One of the poems Miranda Mills chose to read from The Country Commonplace Book was John Drinkwater's Moonlit Apples.
John Drinkwater was a member of the Dymock Poets who were a group of early 20th century poets who lived in and around the village of Dymock, in Gloucestershire, England, just before and during the early years of World War I. Their work and lives are closely associated with nature, rural life, and a lyrical style that often contrasted with the horrors of the war that followed. The Dymock Poets also included Rupert Brooke, Lascelles Abercrombie, Edward Thomas, Robert Frost and Wilfrid Wilson Gibson.
I have only recently started to enjoy Drinkwater's poetry and I have been puzzling about this. I love Edward Thomas, Rupert Brooke and Robert Frost, in particular, but I have never read any of John Drinkwater's poetry. Then I remembered....My Dad had a colleague called John Drinkwater and they didn't like each other very much, hence my unconscious aversion!

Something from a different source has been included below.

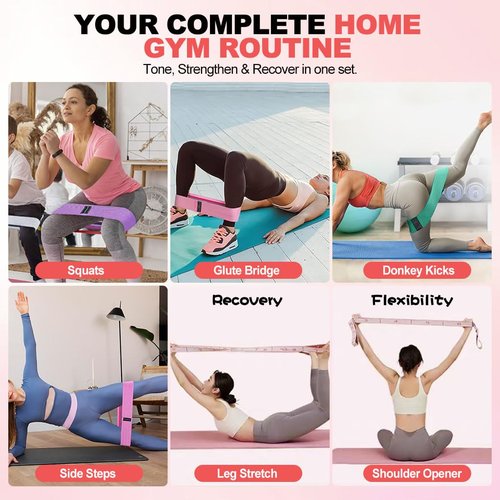 ABAPIC 2-in-1 Fabric Resistance Bands Set & 12-Loop Numbered Elastic Stretching Strap - Non-Slip Booty Bands for Glute Workout, Stretchy Yoga Belt for Physical Therapy & Rehab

At the top of the house the apples are laid in rows,
And the skylight lets the moonlight in, and those
Apples are deep-sea apples of green. There goes
A cloud on the moon in the autumn night.
A mouse in the wainscot scratches, and scratches, and then
There is no sound at the top of the house of men
Or mice; and the cloud is blown, and the moon again
Dapples the apples with deep-sea light.
They are lying in rows there, under the gloomy beams;
On the sagging floor; they gather the silver streams
Out of the moon, those moonlit apples of dreams,
And quiet is the steep stair under.
In the corridors under there is nothing but sleep.
And stiller than ever on orchard boughs they keep
Tryst with the moon, and deep is the silence, deep
On moon-washed apples of wonder.
Such a beautiful poem, I'm looking forward to reading more of John Drinkwater's poetry.